Within a day (or less) I received an enthusiastic response from John
confirming the fact that he was (indeed)
the John Townley who produced "The Family of Apostolic" album. He also
gave me permission to post the album,
as long as I sent him a CD copy of it (he apparently didn't have a
decent copy of the album)
A few emails were exchanged back and forth and soon I found out that
John is not only a master astrologer
and a master music producer, but he also (almost-single-handedly)
changed the face (and ears) of modern music recording
by designing and building his own multi-track recording studios (Apostolic) in
NYC and San Francisco in the late '60s
Not only that, but John is a researcher and performer of sea songs -
he's also a writer, a thinker and a family man and more.
Earlier in his musical life, John was a member of folk-rock band The
Magicians (along with Garry Bonner, Alan Gordon
and Jake Jacobs) whose song "Invitation to Cry" later appeared on Lenny
Kaye's classic 60's compilation album "Nuggets"
John and his wife Susan are the creators of AstroCocktail...a website
devoted to astrological insight and psychic sensitivity,
Log on to check the monthly astro calendar, to download mp3 music or to
simply be a part of the burgeoning astro-blogosphere!
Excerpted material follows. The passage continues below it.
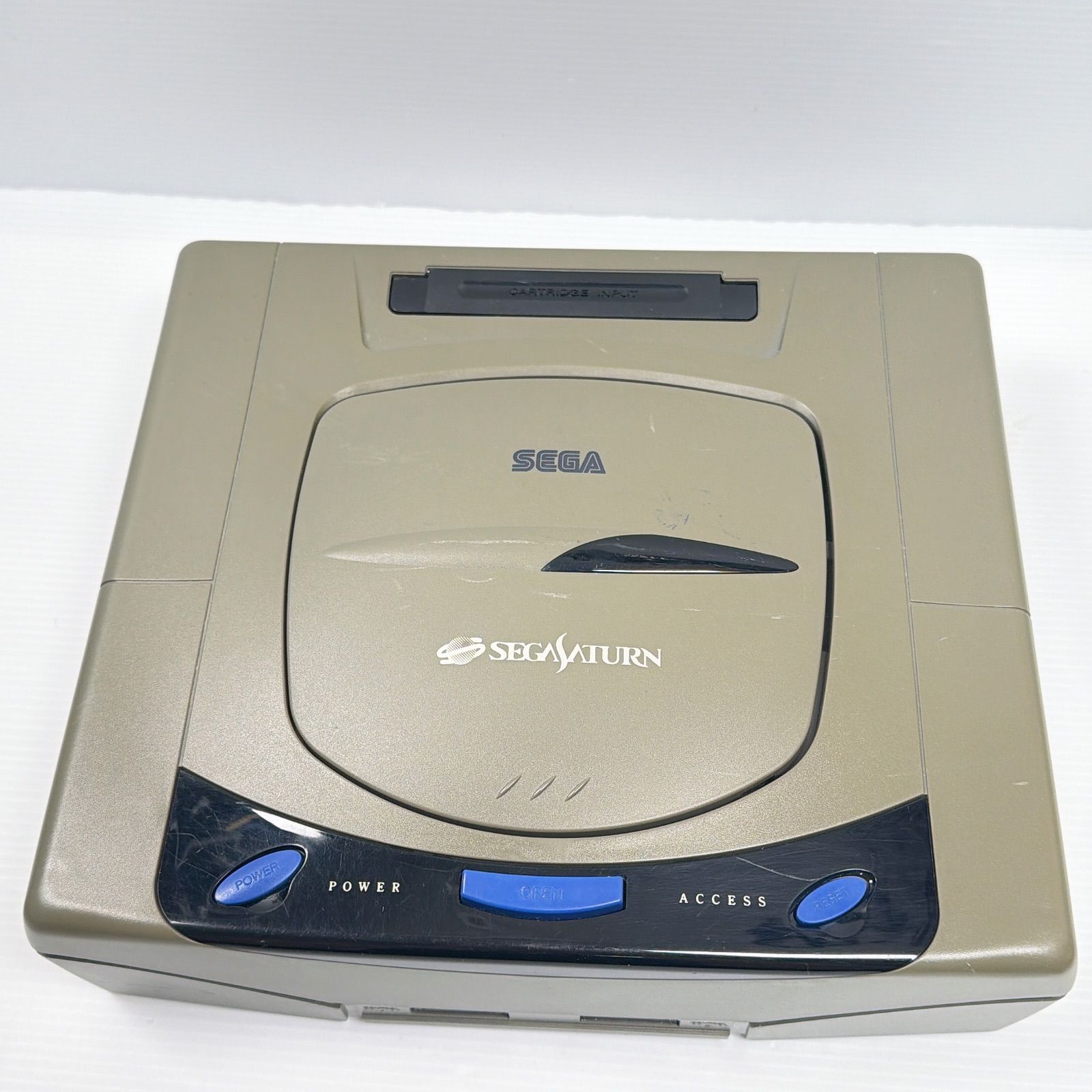 セガサターン SEGASATURN 遊べるセット 動作確認済み HST-3210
I've been wanting to do a little Q & A with John
for a while now and recently the time seemed very alright
and the questions I came up with seemed alright, too...so all systems
are go...
Here's the HPS Q & A with John Townley - -
Where
were you born? Where did you grow up?
Born
in Washington, DC August 17, 1945, 1:51 AM EWT (rectified time), Walter
Reed Army Hospital.
Dad was in Army at the time, living in Fairfax, VA. I don’t
remember any of that.
Moved
to Rancho Santa Fe, CA at age three, spent a couple of years there,
which has some humorous memories.
One
tale tells it all.
One
of my playmates (a year older) was Chris Hillman (yes, later of the
Byrds)
and I remember as TV was just out, he used to watch it all the time,
even the cooking shows
(as my parents commented, who limited my exposure to a half hour at a
time, including Beany and Space Patrol).
When
it came time for me to start first grade, California had just started
teaching reading
by the now-long-debunked “whole-word recognition system”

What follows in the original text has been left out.